TASK TO COMPLETE
With the pictures removed, please write out every line below exactly as given.

AVAILABLE DATA
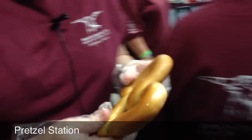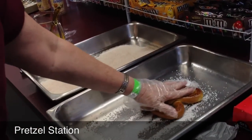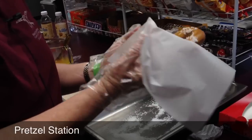When we're making the pretzel, if the person wants salt, we'll first work the pretzel with water and then dip the pretzel in the salt container and serve it on wax paper.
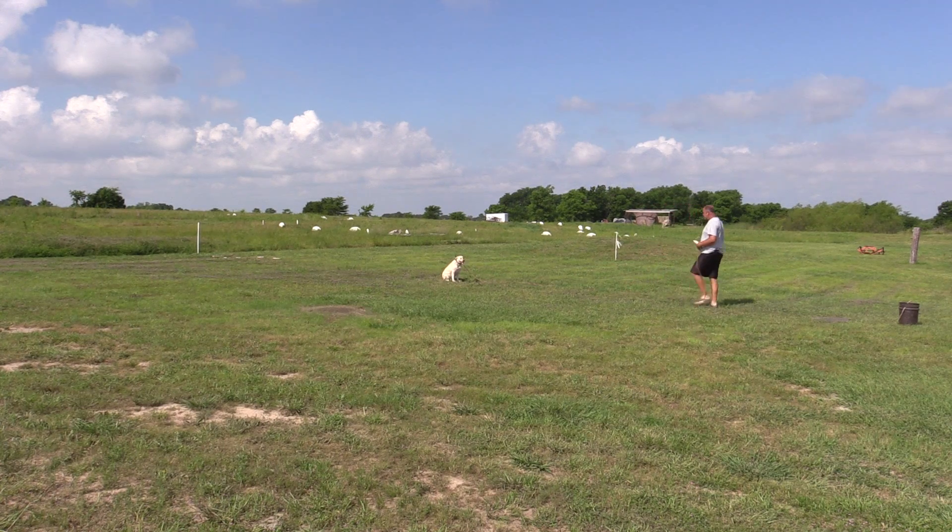Man, it's getting hot here in Texas. Before you know it, I'm going to be in Missouri.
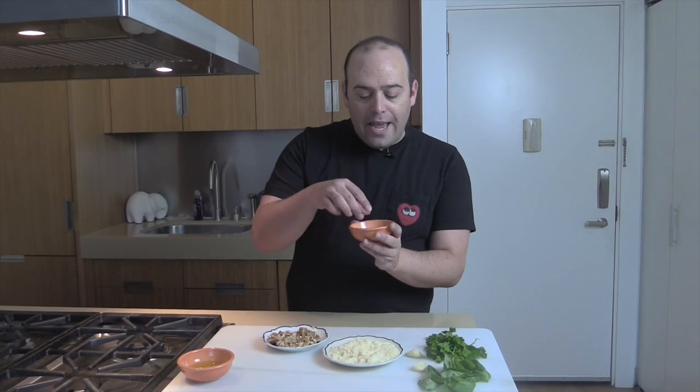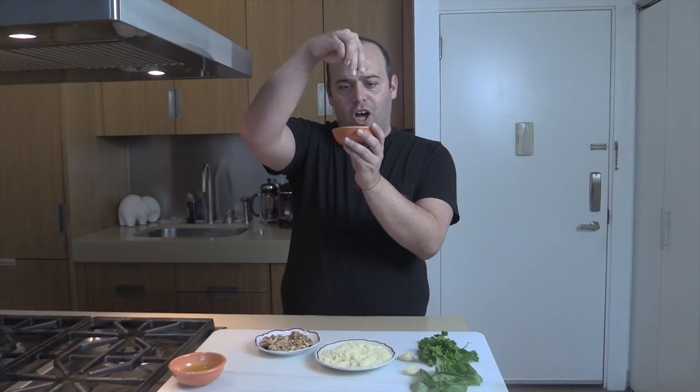A little less than most recipes because I like a little bit more herbaceous and a little less oily. And if you feel it's salty, your extra ingredient could be some salt — just a little pinch of salt.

RESPONSE AREA
When we're making the pretzel, if the person wants salt, we'll first work the pretzel with water and then dip the pretzel in the salt container and serve it on wax paper.
Man, it's getting hot here in Texas. Before you know it, I'm going to be in Missouri.
A little less than most recipes because I like a little bit more herbaceous and a little less oily. And if you feel it's salty, your extra ingredient could be some salt — just a little pinch of salt.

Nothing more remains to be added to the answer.